In 1993, the Museum of Modern Art in New York borrowed a Miro painting, “Paysage (La Sauterelle)” for an exhibition. Though the painting is on the list of works sold to Wilton Trading in 1985, insurance documents give the name of the assured party as Basil Goulandris, the people said.
Bonnard at Auction
Since Elise Goulandris’s death, some of the paintings have been sold, the people said. An oil byPierre Bonnard, “Jeune fille s’essuyant” (Young Girl Drying Herself) was offered at Sotheby’sImpressionist and Modern Art auction in London in 2005.
In the provenance section, the catalog named Basil P. Goulandris as a previous owner and said the work came from a private European collection. That description would apply neither to Panama-based Wilton Trading, nor to Maria Goulandris, who lived in New York.
Peter John Goulandris told the court that in mid-1992, his mother Maria donated part of the collection to a foundation registered in Vaduz, Liechtenstein, called Fondation Sirina, the two people said. The foundation’s purpose is described in its statute as “promoting art in Greece and financing charitable organizations in Greece,” the people said. Goulandris said his mother also gave some works to him and his sister, they said.
In 1999, the Basil and Elise Goulandris Foundation held an exhibition of 29 of the artworks on the list at their Museum of Contemporary Art on Andros. Elise Goulandris wrote a foreword for the catalog, “Classics of Modern Art,” which makes no mention of lenders, though she does thank those who contributed texts for the catalog and her colleagues.
Peter John Goulandris directed an e-mail enquiry to his lawyer, Dennis Glazer of Davis Polk in New York. Glazer declined to answer questions about the 1985 sale contract.
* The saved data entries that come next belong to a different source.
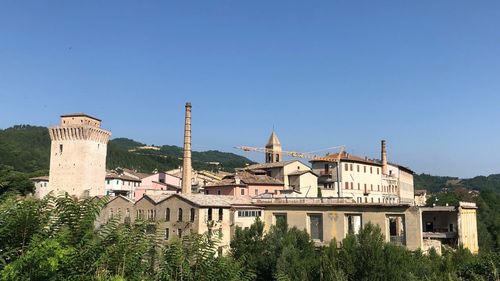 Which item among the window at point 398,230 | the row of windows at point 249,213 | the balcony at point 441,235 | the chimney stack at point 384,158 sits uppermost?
the chimney stack at point 384,158

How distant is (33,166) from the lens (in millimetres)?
97312

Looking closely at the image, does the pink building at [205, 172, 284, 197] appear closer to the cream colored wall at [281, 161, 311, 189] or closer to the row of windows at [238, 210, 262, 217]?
the cream colored wall at [281, 161, 311, 189]

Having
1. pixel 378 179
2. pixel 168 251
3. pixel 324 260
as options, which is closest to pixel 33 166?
pixel 378 179

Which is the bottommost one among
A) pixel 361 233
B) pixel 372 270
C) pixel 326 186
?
pixel 372 270

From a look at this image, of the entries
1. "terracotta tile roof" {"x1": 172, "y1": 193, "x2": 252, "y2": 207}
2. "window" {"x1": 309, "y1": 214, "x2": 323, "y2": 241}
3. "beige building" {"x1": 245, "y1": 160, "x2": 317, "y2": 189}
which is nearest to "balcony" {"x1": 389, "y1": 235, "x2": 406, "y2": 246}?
"window" {"x1": 309, "y1": 214, "x2": 323, "y2": 241}

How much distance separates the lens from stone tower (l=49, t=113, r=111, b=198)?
5619cm

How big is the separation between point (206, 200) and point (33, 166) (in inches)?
2929

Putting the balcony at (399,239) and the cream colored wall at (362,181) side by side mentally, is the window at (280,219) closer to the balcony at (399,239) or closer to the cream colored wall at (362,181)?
A: the balcony at (399,239)

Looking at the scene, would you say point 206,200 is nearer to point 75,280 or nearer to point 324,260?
point 324,260

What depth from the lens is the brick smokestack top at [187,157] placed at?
52344mm

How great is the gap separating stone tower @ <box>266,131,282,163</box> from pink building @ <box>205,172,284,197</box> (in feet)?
77.1

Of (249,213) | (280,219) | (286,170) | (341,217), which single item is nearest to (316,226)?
(341,217)

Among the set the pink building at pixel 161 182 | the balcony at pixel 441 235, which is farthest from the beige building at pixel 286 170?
the balcony at pixel 441 235

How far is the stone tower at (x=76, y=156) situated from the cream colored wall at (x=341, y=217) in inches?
1088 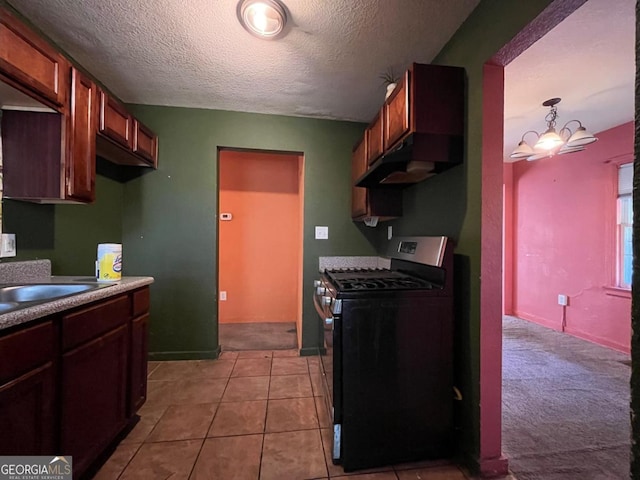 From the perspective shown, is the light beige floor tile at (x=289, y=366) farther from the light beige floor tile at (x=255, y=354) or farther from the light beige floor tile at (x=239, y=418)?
the light beige floor tile at (x=239, y=418)

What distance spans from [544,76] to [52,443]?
11.5ft

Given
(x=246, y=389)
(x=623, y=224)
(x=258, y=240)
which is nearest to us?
(x=246, y=389)

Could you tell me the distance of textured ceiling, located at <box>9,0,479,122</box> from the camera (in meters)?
1.51

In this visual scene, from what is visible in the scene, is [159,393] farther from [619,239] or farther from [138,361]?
[619,239]

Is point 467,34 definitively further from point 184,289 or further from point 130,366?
point 184,289

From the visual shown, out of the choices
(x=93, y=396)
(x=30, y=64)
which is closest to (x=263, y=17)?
(x=30, y=64)

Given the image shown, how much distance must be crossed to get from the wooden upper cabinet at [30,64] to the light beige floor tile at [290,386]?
7.26 feet

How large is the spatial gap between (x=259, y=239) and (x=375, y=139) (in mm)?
2301

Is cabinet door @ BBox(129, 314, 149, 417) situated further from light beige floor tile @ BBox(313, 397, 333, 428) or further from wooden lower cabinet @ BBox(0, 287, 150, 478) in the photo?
light beige floor tile @ BBox(313, 397, 333, 428)

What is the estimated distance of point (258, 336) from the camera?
3.20 meters

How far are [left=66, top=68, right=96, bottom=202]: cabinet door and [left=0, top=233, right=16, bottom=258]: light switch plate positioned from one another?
0.38m

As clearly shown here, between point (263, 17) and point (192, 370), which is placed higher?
point (263, 17)

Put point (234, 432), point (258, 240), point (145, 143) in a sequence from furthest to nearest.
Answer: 1. point (258, 240)
2. point (145, 143)
3. point (234, 432)

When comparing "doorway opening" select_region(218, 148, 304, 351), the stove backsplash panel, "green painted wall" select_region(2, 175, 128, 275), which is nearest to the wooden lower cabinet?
"green painted wall" select_region(2, 175, 128, 275) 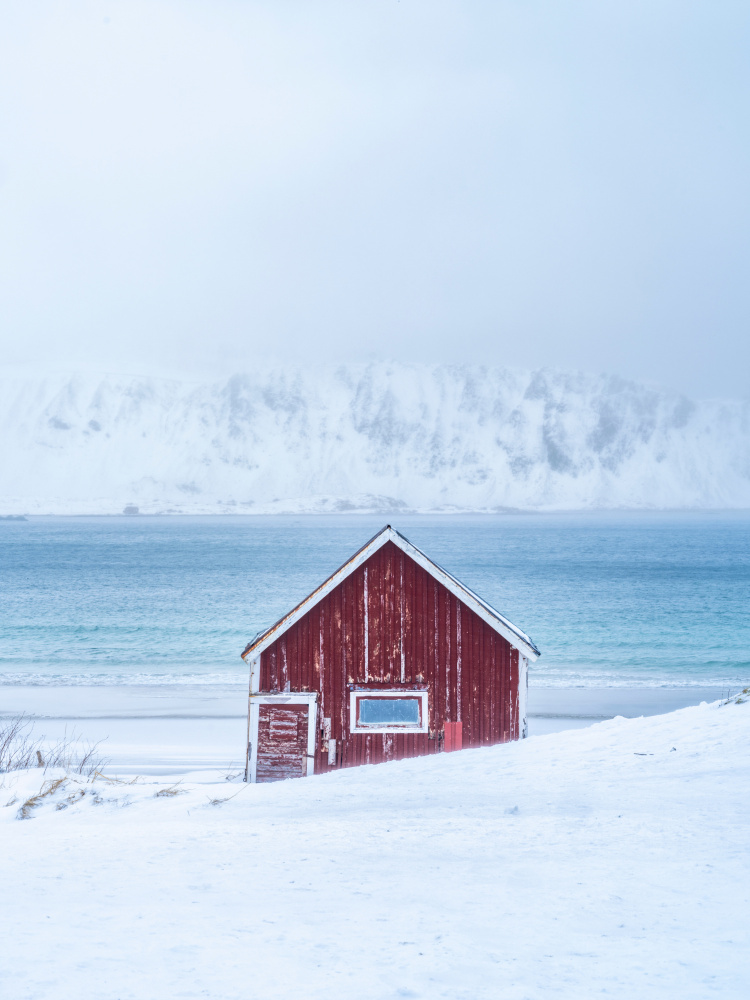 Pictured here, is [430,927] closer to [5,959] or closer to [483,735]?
[5,959]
He said he considers Zaimis’s claims to be “baseless.”
“Elise’s other nieces and nephews have not joined in Mrs. Zaimis’s actions, considering her claims to be invalid,” Glazer wrote in an e-mail. Elise Goulandris’s “widely known wishes” were for some artworks to be displayed in a museum to be constructed in Athens, Glazer wrote.
“Property has been acquired for this museum and advanced plans and preparations are under way for its construction,” he wrote. “The paintings in question were part of a private sales transaction agreed between Mr. Basil Goulandris and Wilton Trading S.A. almost ten years prior to his death.”
Zaimis and her sister, Evanthea Veroutis-Anastasadi, together inherited a third of Elise Goulandris’s private estate, the people familiar with the will said. Co-legatees are Fleurette Karadontis, another niece of Elise, who inherited one- third. The three Canada-based children of Elise Goulandris’s brother, Robert and Edward Karadontis and Elise Karadontis Oliveira, together account for the last third.
Jacques Haldy, a Lausanne lawyer, wrote in an e-mail that he represents all the legatees aside from Zaimis. His clients, he said, oppose Zaimis’s legal endeavors. “They condemn them strongly and consider them completely unjustified,” he wrote.
Zaimis’s legal action is being partly financed by a New York art dealer, Ezra Chowaiki, who described himself as a friend and said that in return for his aid he has “a right of first refusal to purchase paintings that she might obtain.”
The case has “stripped her of all her resources,” Chowaiki said by e-mail. His gallery, Chowaiki & Co., specializes in Impressionist and modern art.
“Aspa is fighting against very wealthy adversaries,” he said. “I am not surprised that her adversaries are upset about the fact that they were not able to incapacitate her.”
Zaimis said she can’t understand why her sister and cousins are not joining her quest.
“It’s a big mystery,” said Zaimis. “Nothing makes any sense.”